**TASK ITEM**. All lines in the records below from the line with "Dany Boon en" through the line with "Skene Tartan Crest" are to be given again exactly, both ends included; the pictures are to be left out.

**DATASET ENTRIES**.
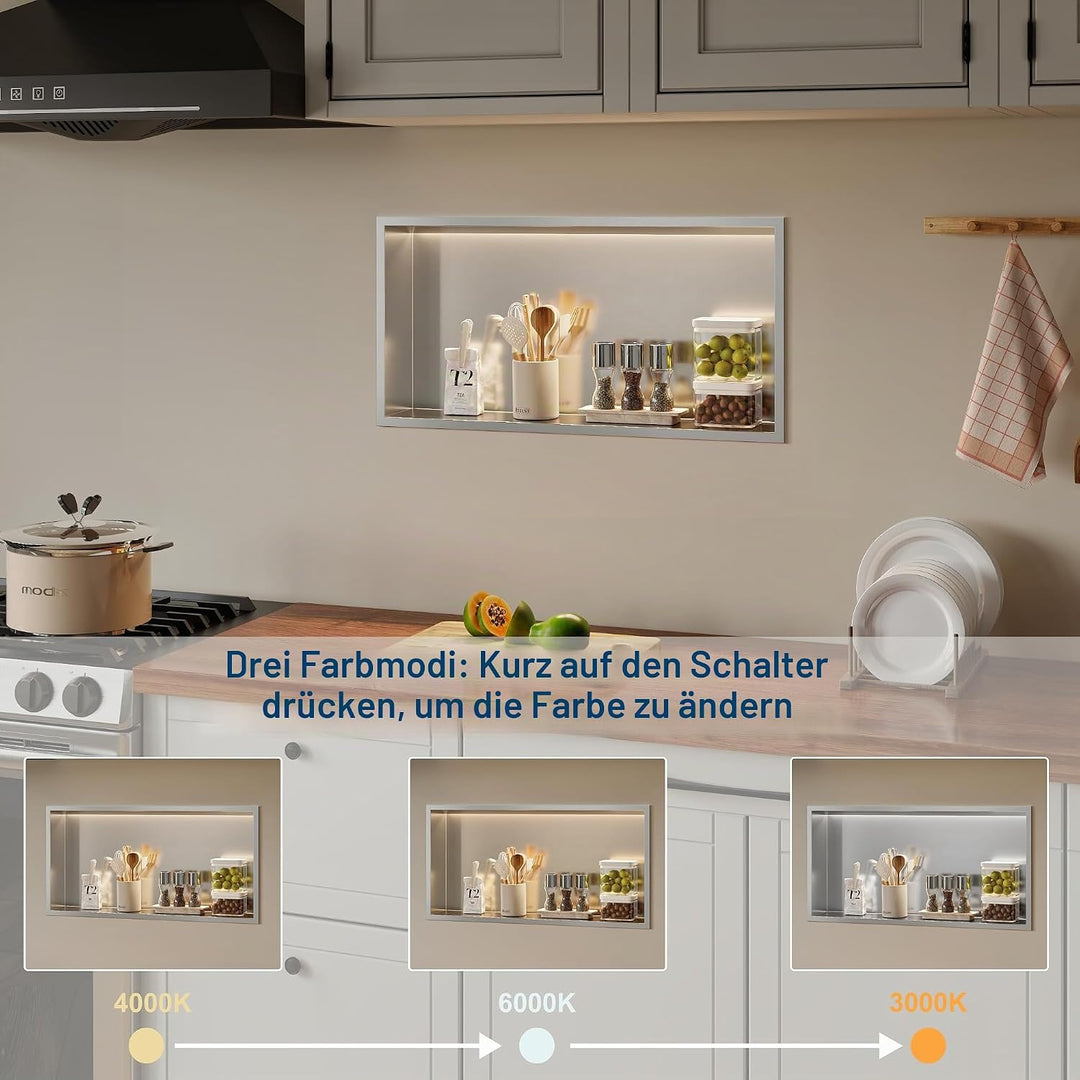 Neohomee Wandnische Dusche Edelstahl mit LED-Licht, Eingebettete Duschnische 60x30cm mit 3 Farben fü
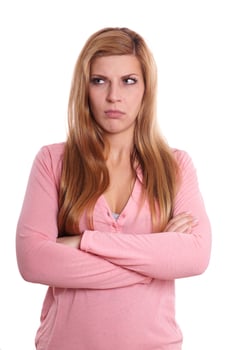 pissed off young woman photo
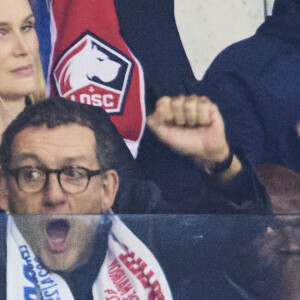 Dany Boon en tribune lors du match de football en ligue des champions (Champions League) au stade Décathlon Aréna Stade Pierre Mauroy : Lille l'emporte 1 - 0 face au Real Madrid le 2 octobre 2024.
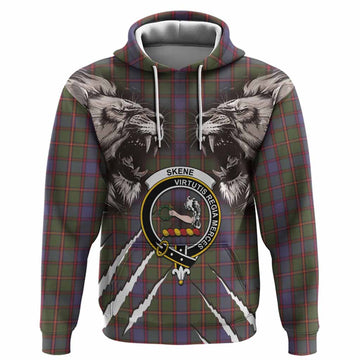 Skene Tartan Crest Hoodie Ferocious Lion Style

--

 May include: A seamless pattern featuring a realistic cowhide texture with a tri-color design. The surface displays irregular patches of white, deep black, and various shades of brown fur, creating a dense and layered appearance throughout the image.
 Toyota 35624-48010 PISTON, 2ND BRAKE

* * *

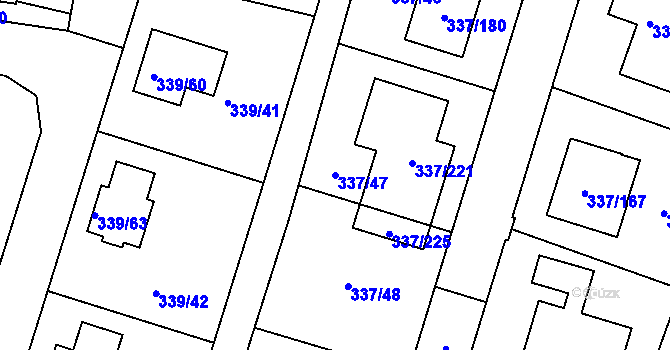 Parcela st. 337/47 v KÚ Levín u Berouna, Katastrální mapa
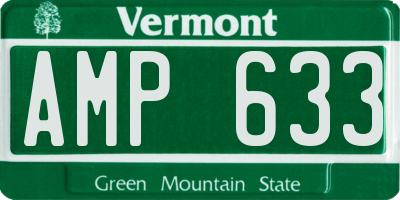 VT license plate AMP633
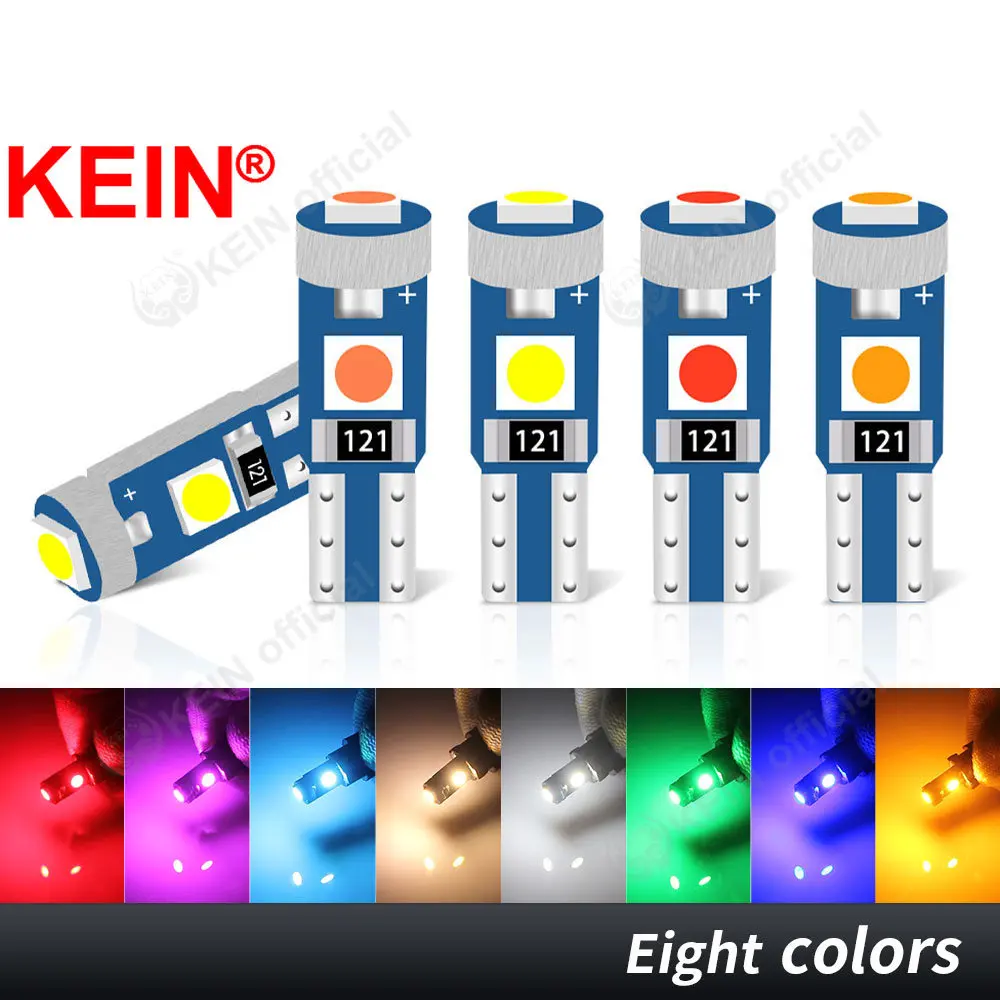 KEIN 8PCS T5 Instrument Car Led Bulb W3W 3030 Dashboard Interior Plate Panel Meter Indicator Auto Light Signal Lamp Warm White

**ANSWER FOR THIS EXERCISE**.
 Dany Boon en tribune lors du match de football en ligue des champions (Champions League) au stade Décathlon Aréna Stade Pierre Mauroy : Lille l'emporte 1 - 0 face au Real Madrid le 2 octobre 2024.
 Skene Tartan Crest Hoodie Ferocious Lion Style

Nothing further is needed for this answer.